* **EXERCISE INSTRUCTIONS**: Give the records back exactly as written, but without the images.

** EXERCISE DATA follows **

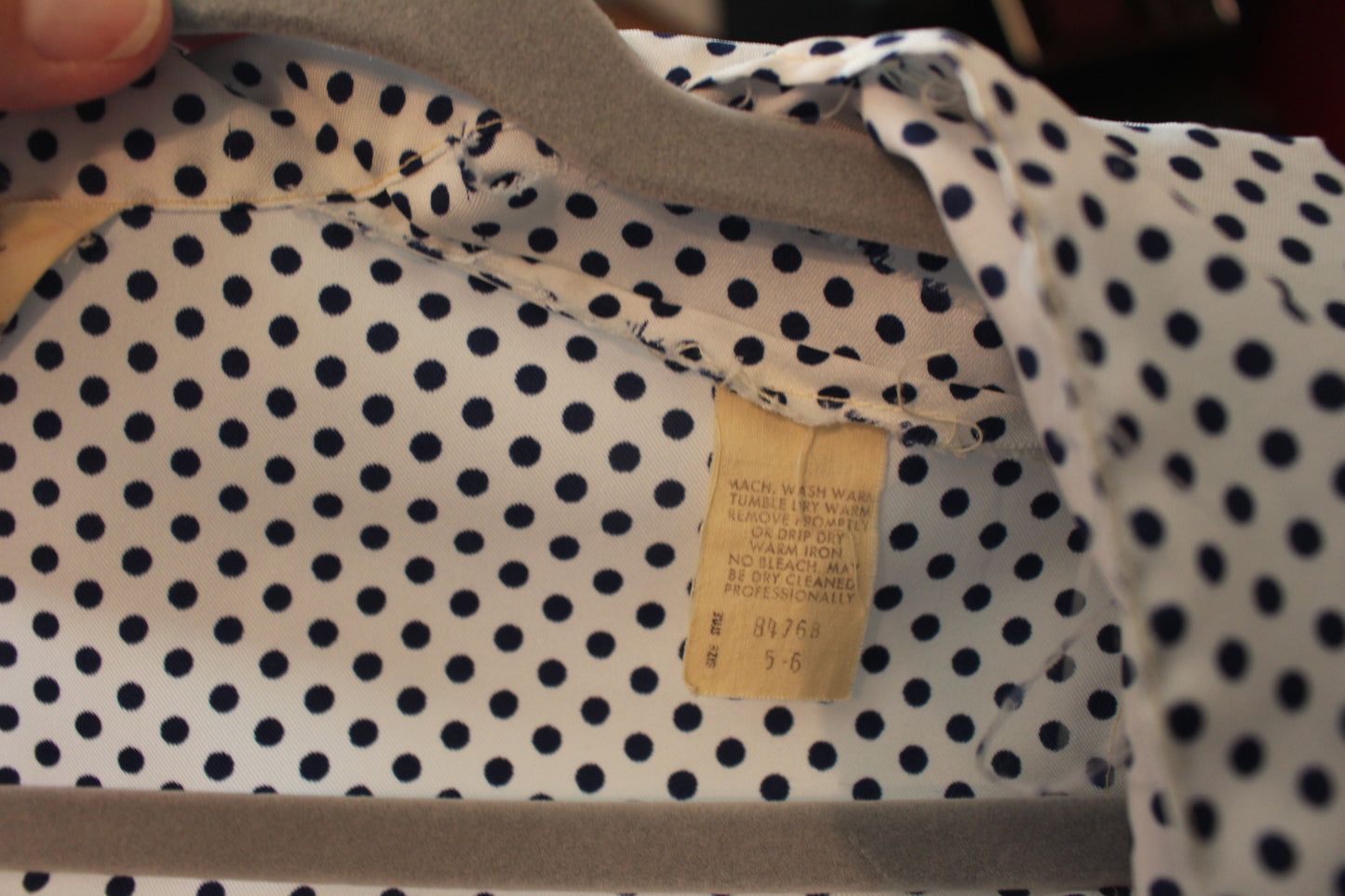 Long Sleeve Silk Button Down Blouse by Donovan Galvani - Size SM( Small)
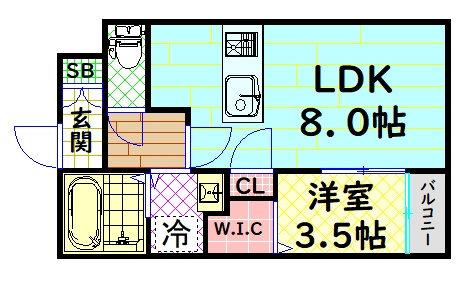 【間取り】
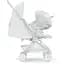 Автокрісло Cybex Cloud T i-Size Urban Mobility White (524000711) - мініатюра 9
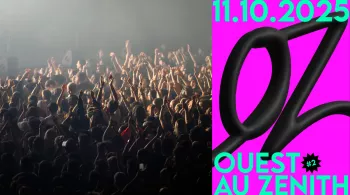 Oz au Zénith de Nantes 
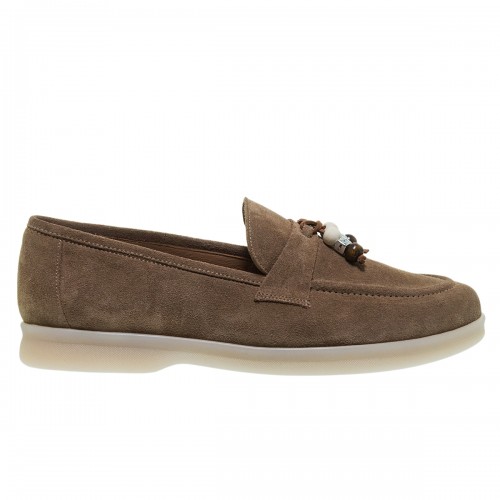 MOURTZI ΤΑΜΠΑ SUEDE LOAFERS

** End of EXERCISE DATA **

* **ANSWER SECTION**:
 Long Sleeve Silk Button Down Blouse by Donovan Galvani - Size SM( Small)
 【間取り】
 Автокрісло Cybex Cloud T i-Size Urban Mobility White (524000711) - мініатюра 9
 Oz au Zénith de Nantes 
 MOURTZI ΤΑΜΠΑ SUEDE LOAFERS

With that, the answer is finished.